🔥 Day 3: RDDs - The Foundation of Spark

Published: 1 day ago (December 3, 2025 at 12:55 PM EST)

2 min read

Source: Dev.to

Source: Dev.to

Cover image for 🔥 Day 3: RDDs - The Foundation of Spark

What Exactly Is an RDD?

An RDD is a distributed collection of immutable data partitioned across the cluster.

Key properties

Immutable
Lazy evaluated
Distributed
Fault‑tolerant
Parallelized

RDDs were the first abstraction in Spark before DataFrames and Datasets existed.

Why Should You Learn RDDs?

Even though DataFrames are recommended now, RDDs remain crucial for:

Understanding execution plans
Debugging shuffles
Improving partition strategies
Designing performance‑efficient pipelines
Handling non‑structured data

How to Create RDDs

From Python Lists

rdd = spark.sparkContext.parallelize([1, 2, 3, 4])

From File

rdd = spark.sparkContext.textFile("sales.txt")

RDD Transformations (Lazy)

Transformations build the DAG. Common examples:

rdd.map(lambda x: x * 2)
rdd.filter(lambda x: x > 10)
rdd.flatMap(lambda x: x.split(","))

You can chain transformations; Spark will not execute anything until an action is called.
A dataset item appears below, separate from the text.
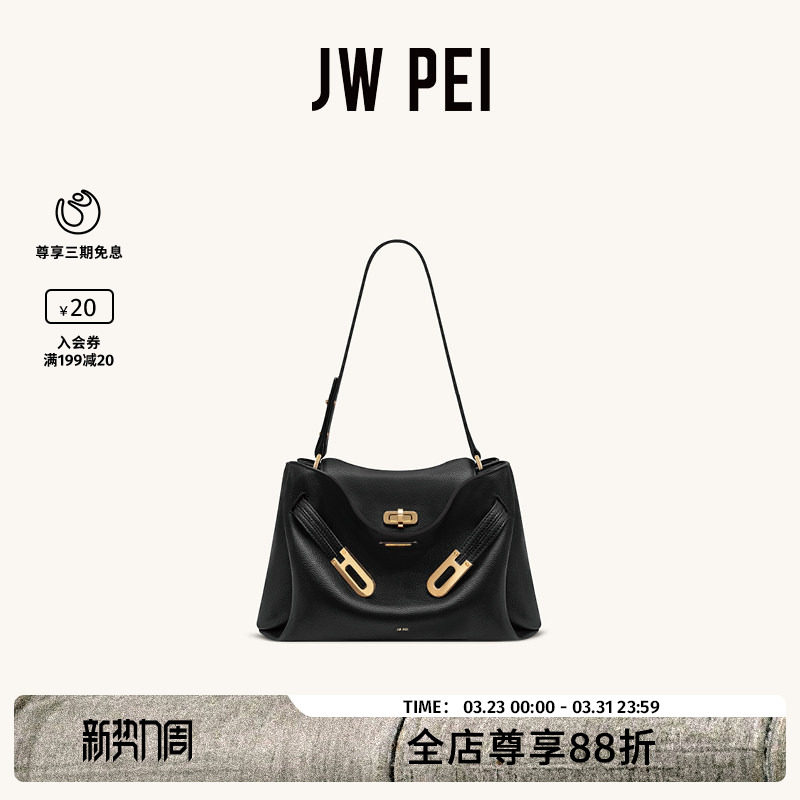 JW PEI凯莉包包2026新款Rhea鹅卵石纹单肩斜挎包通勤手提包5S402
RDD Actions (Execute Plan)

Actions trigger job execution:

rdd.collect()
rdd.count()
rdd.take(5)
rdd.saveAsTextFile("output")

Narrow vs Wide Transformations

Narrow (No Shuffle)

Output partition depends only on one input partition – fast.

map
filter
union

Wide (Shuffle Required)

Output depends on multiple partitions – slower; creates a new stage.

groupByKey
join
reduceByKey

Shuffles are a major cause of slow Spark jobs.
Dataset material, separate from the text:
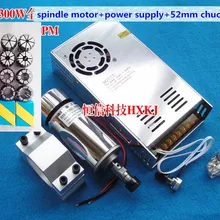 300 Вт мотор шпинделя постоянного тока+ 52 мм зажим+ 48V360W Регулируемый источник питания+ 13 шт. ER11 собирает гравировальный станок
RDD Lineage — Fault Tolerance in Action

Each RDD tracks how it was created.

rdd1 = rdd.map(...)
rdd2 = rdd1.filter(...)
rdd3 = rdd2.reduceByKey(...)

If a node dies, Spark reconstructs the lost data using this lineage information.

Persistence and Caching

When you reuse an RDD, persist it to avoid recomputation:

processed = rdd.map(...)
processed.persist()
processed.count()
processed.filter(...)

Spark will read from memory instead of recomputing the RDD.

Summary

What RDDs are
Why they matter
Transformations vs. actions
Narrow vs. wide transformations
Lineage for fault tolerance
Caching and persistence

These concepts form the foundation of Spark internals.